How America Helped Build Iran’s Nuclear Programme And Then Tried To Bomb It Out | World News

How America Helped Build Iran’s Nuclear Programme And Then Tried To Bomb It Out | World News


Washington, D.C.: As smoke still lingers over Iran’s bombed-out nuclear facilities, U.S. President Donald Trump has offered a reflection on America’s recent military strikes and a past that is hard to ignore.

Speaking at a closed-door briefing with top Republican donors, he defended the U.S. decision to bomb key Iranian nuclear sites – including Fordow, Isfahan and Natanz. “We hit them hard. Very hard. Their nuclear programme is gone,” he said.

He was referring to the 14,000-kg bunker busters dropped by B-2 stealth bombers during ‘Operation Midnight Hammer’. But in a moment that raised eyebrows in the room, Trump shifted from military bravado to historical introspection.

“You know what is crazy? We gave them the first reactor. We actually did that,” he said, pointing to the Tehran Research Reactor – an aging facility that still runs today.

It arrived in Iran as part of the Eisenhower-era “Atoms for Peace” programme, meant to share nuclear science with allies during the Cold War.

Trump’s comment was more than offhand nostalgia. It echoed a little-known fact – the seeds of Iran’s nuclear knowledge were, in part, planted by the United States itself.

Back in 1967, under Shah Mohammad Reza Pahlavi, the United States shipped a research reactor and highly enriched uranium fuel to Tehran. American universities, including MIT, trained Iranian engineers. U.S. scientists helped draft blueprints for a future nuclear grid. Washington welcomed the shah’s ambition. At the time, Iran was a U.S. ally. A rising power. A moderniser.

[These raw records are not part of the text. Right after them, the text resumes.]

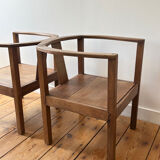 Pair of solid wood armchairs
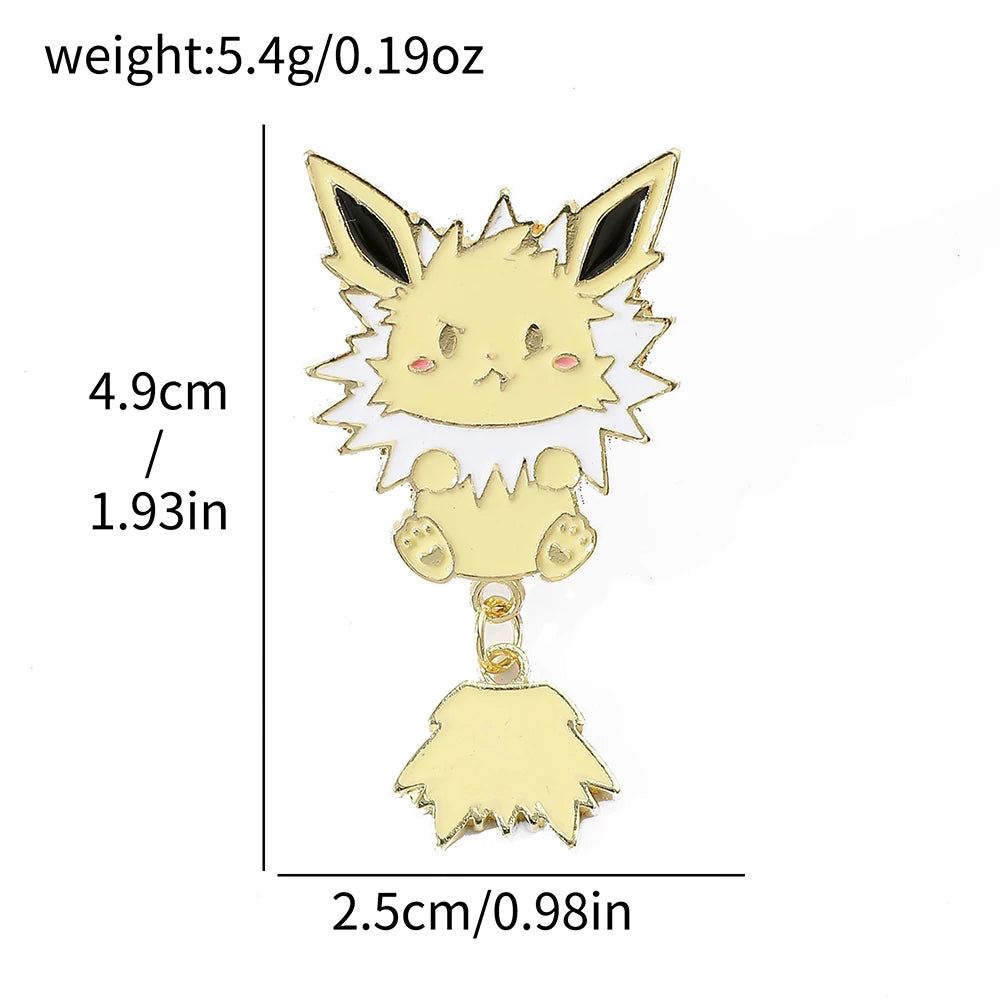 9 Pcs Cartoon Elf Chain Brooch Creative Cute Eevee Enamel Pin Metal Badge Jewelry Clothes Backpack Accessories Gift for Friends Kawaii Side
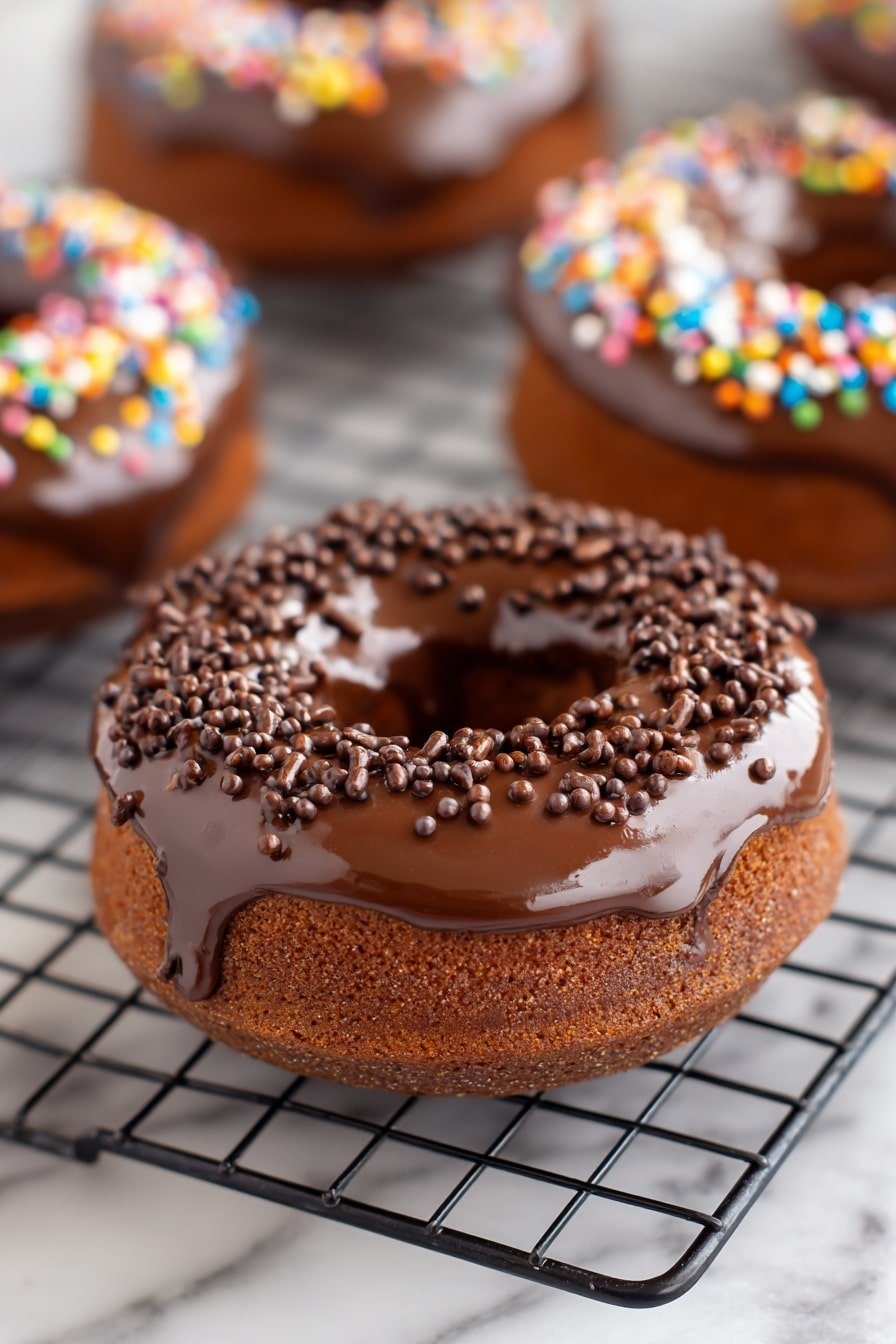 Mocha Baked Donuts with Chocolate Glaze Recipe - Article Image 1 — Mocha Baked Donuts with Chocolate Glaze, coffee flavored baked donuts, homemade mocha donuts, chocolate glazed coffee donuts, easy mocha donut recipe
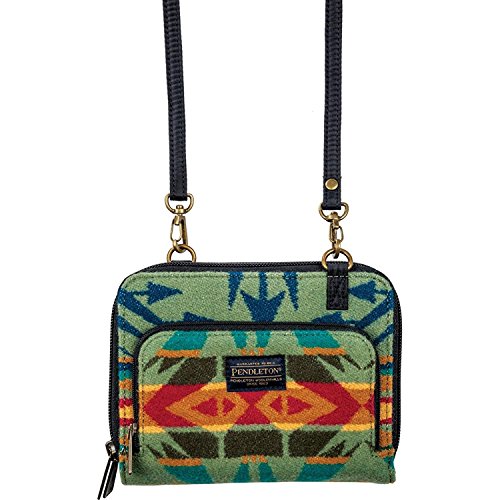 Pendelton Woolen Mills Inc Womens Pendleton Wool Echo Peaks Wallet with Strap Sage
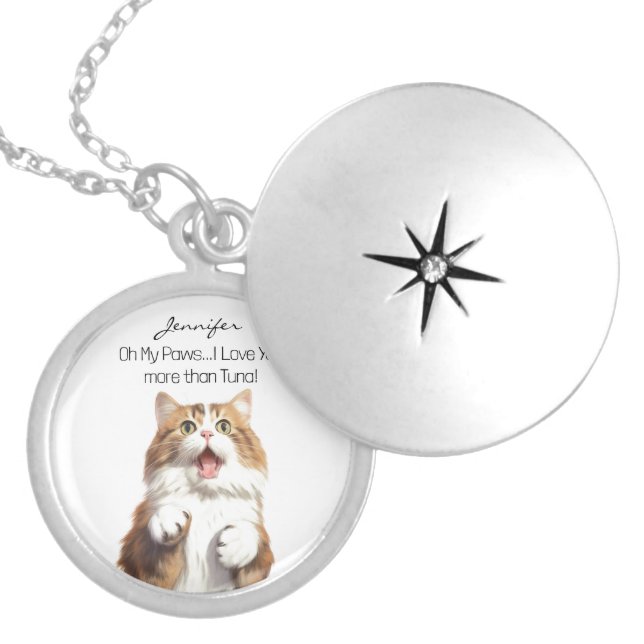 Adorable Cat I Love You Necklace (Front)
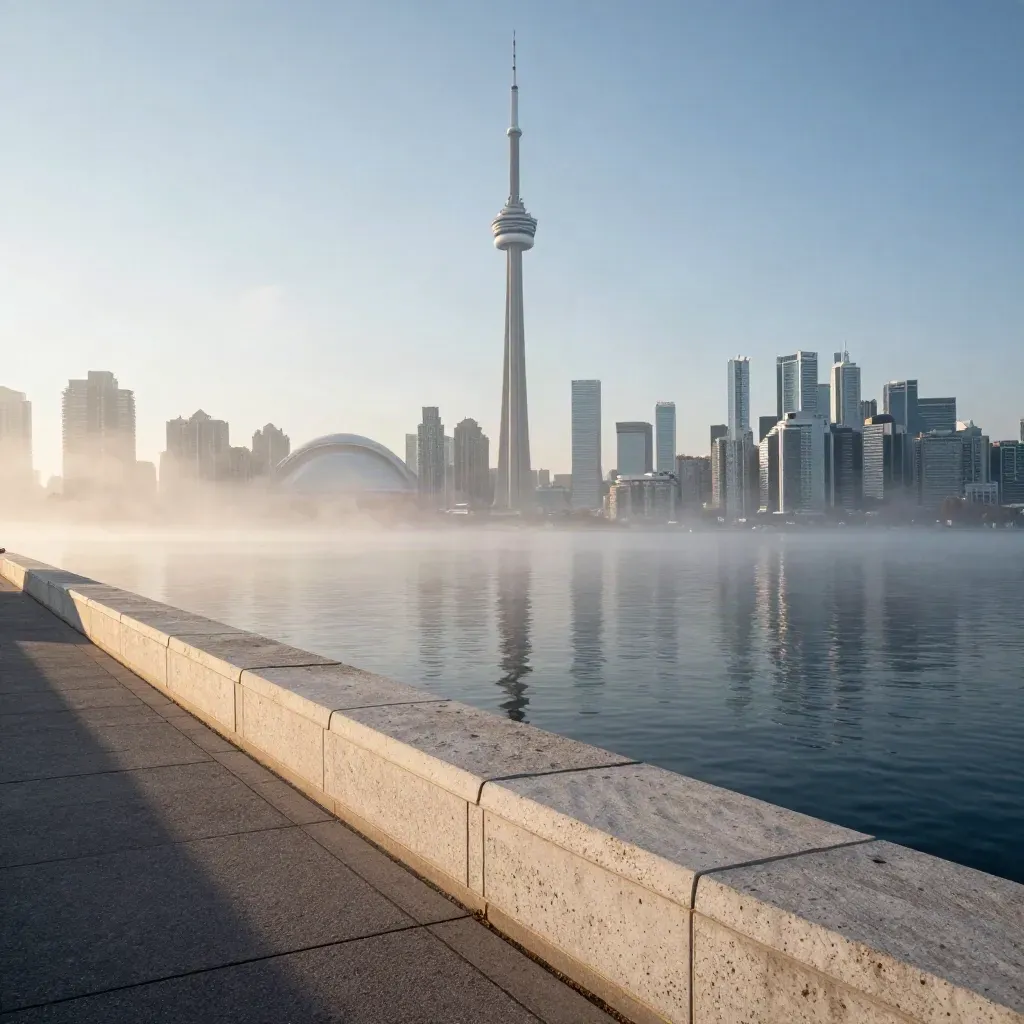 Toronto skyline with CN Tower in blue morning mist above a calm stone waterfront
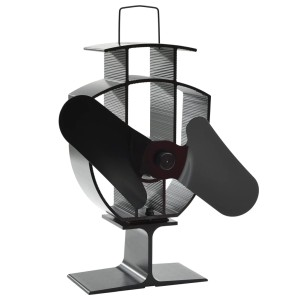 Schwarzer, wärmebetriebener Ofenventilator mit 2 Blättern aus eloxiertem Aluminium für Kamine & Öfen.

Today, that history feels surreal. The very architecture that once symbolised U.S.-Iran cooperation now lies buried beneath rubble, struck by American warplanes decades later under orders from a president who once threatened to “obliterate” Iran’s nuclear capabilities.

“There is a strange kind of symmetry to it. We built it. Then we bombed it,” said a retired U.S. diplomat familiar with both the Cold War-era assistance and today’s military planning.

Trump did not dwell long on the history. But his remarks carried the weight of unfinished business of decisions made in another century, coming full circle in the fires of a 21st-century conflict.

He said, “In his words, we gave them the starter kit. Then they ran with it. And now, we are taking it back.”

Whether Iran’s nuclear programme has truly been wiped out remains under debate. Intelligence sources suggest parts of it survived. But for Trump, the mission was both military and symbolic. An attempt to erase a shadow that, in some ways, began with a handshake in 1967.